▶ **What needs to be done**
Print the lines below from the line with "Kubota B1402 4wd - Afbeelding 3" to the line with "Качалка-каталка RiverToys Mercedes-Benz" exactly, keeping both ends, and print no pictures.

▶ **Task data**
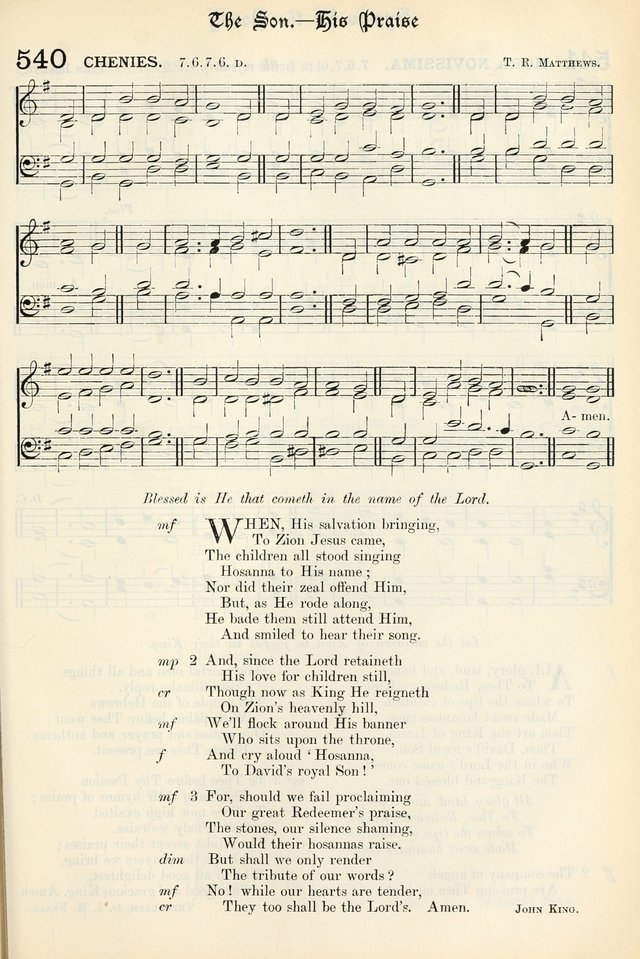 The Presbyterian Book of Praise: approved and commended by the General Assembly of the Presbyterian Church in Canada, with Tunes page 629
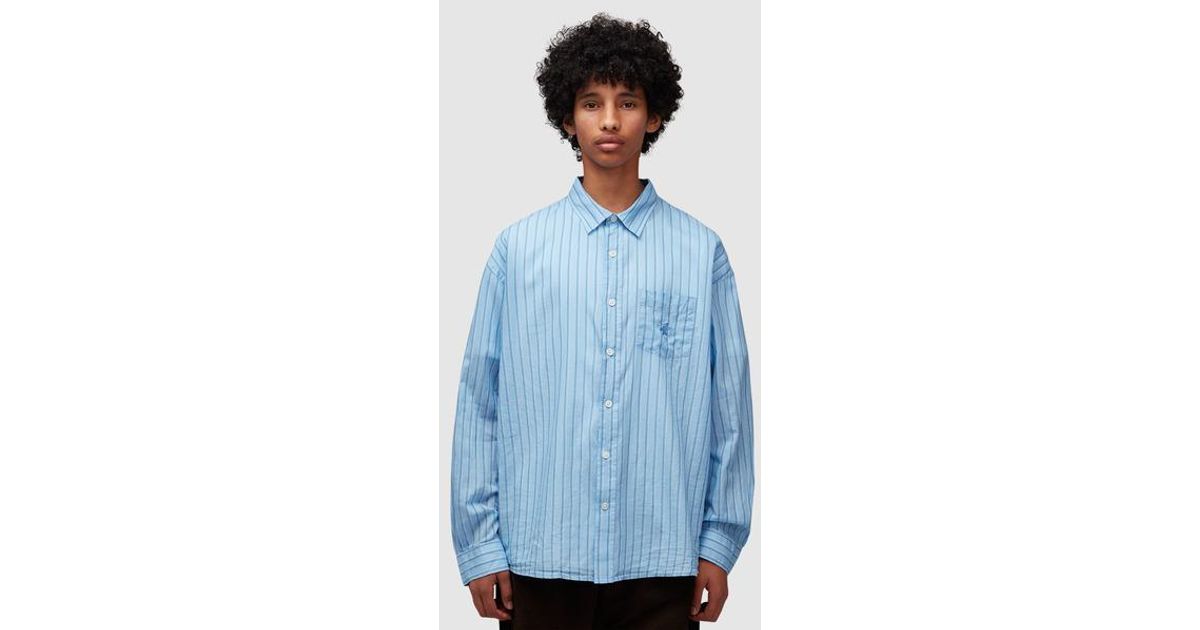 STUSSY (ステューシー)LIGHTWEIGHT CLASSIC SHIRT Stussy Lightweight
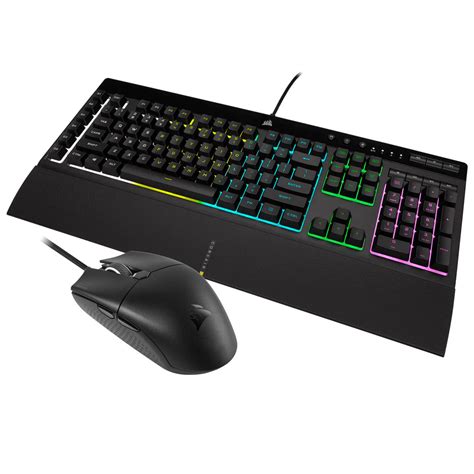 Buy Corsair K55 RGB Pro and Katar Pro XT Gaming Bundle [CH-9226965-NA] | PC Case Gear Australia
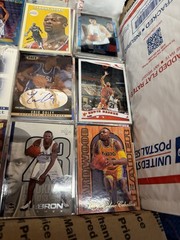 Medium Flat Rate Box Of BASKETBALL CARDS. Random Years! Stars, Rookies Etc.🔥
...
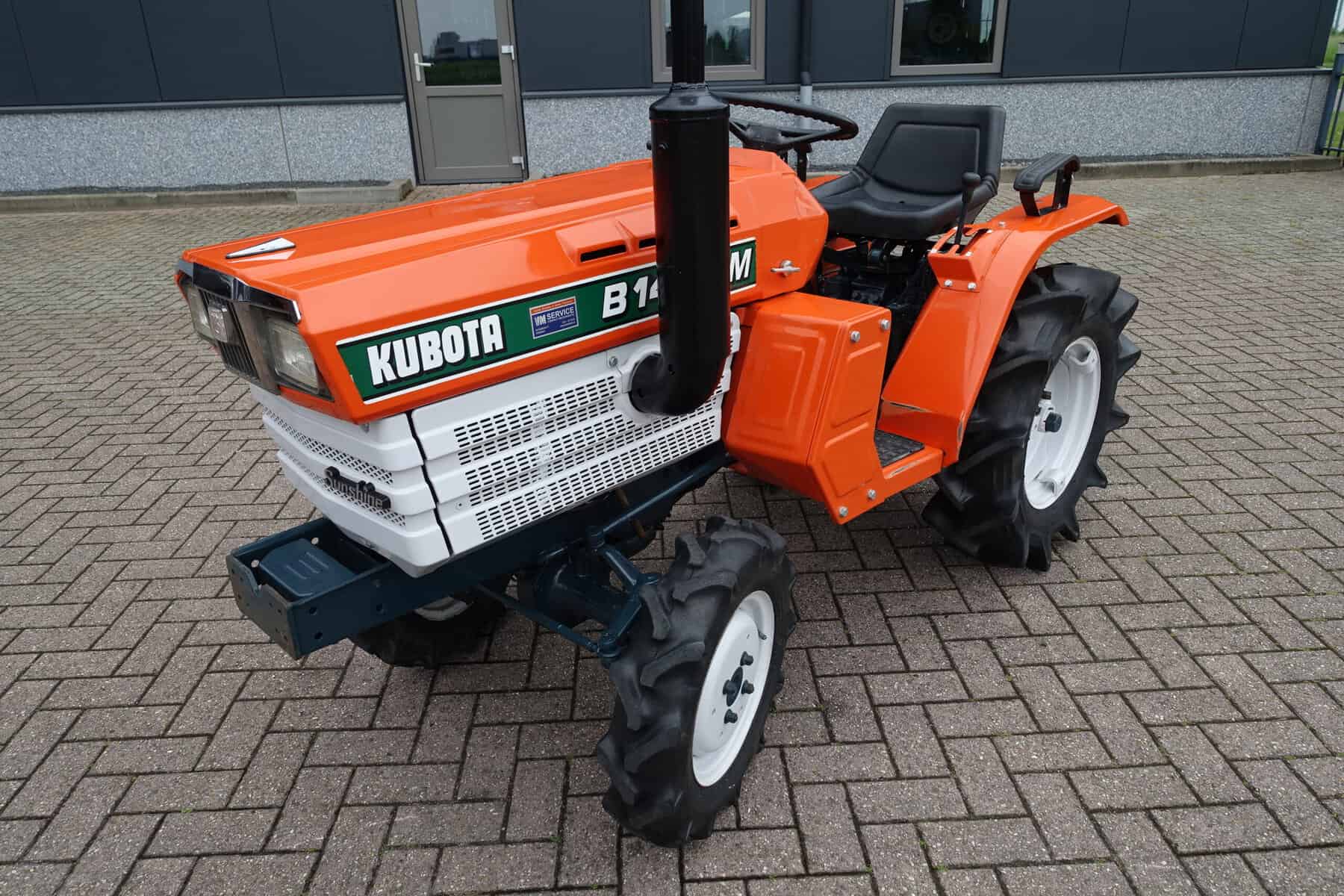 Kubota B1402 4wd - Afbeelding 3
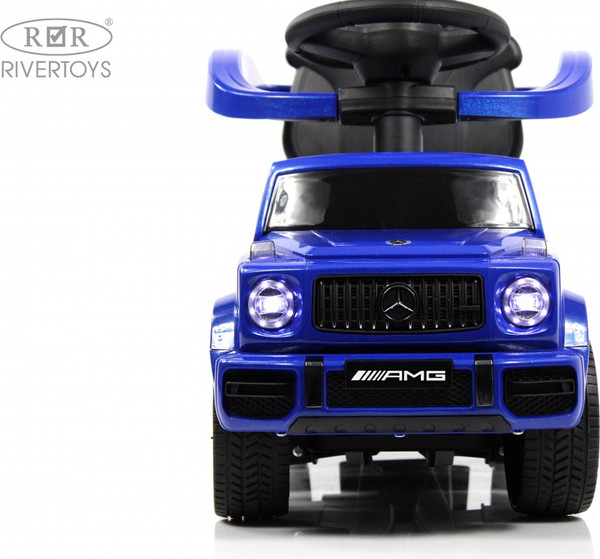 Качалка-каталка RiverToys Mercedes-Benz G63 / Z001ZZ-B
...
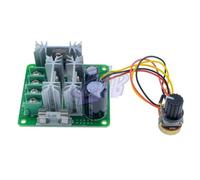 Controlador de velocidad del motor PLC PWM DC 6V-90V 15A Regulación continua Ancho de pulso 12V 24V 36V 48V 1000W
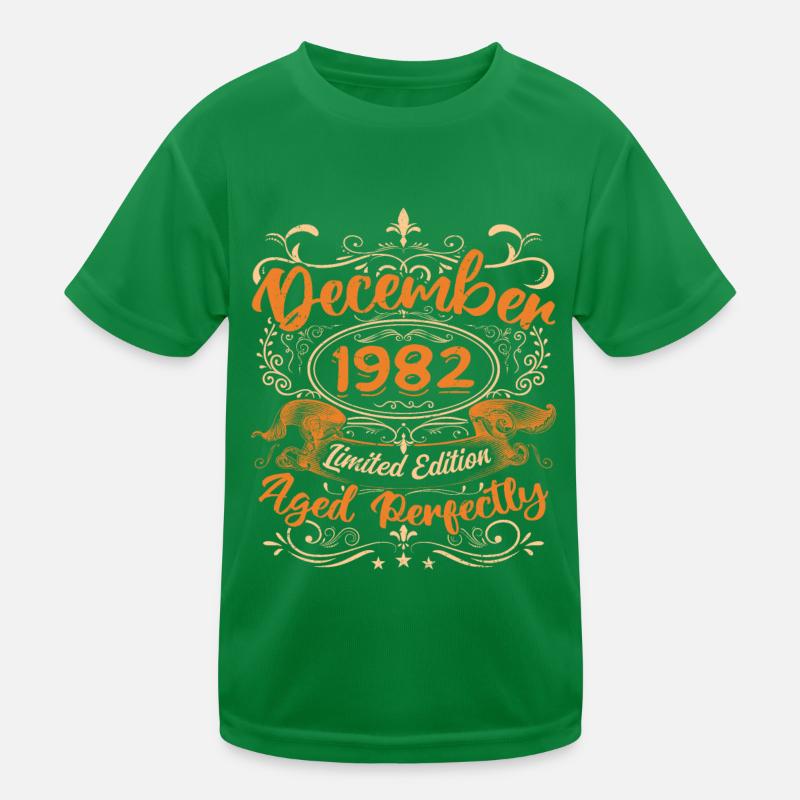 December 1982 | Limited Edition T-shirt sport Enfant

▶ **Response to this exercise**
 Kubota B1402 4wd - Afbeelding 3
 Качалка-каталка RiverToys Mercedes-Benz G63 / Z001ZZ-B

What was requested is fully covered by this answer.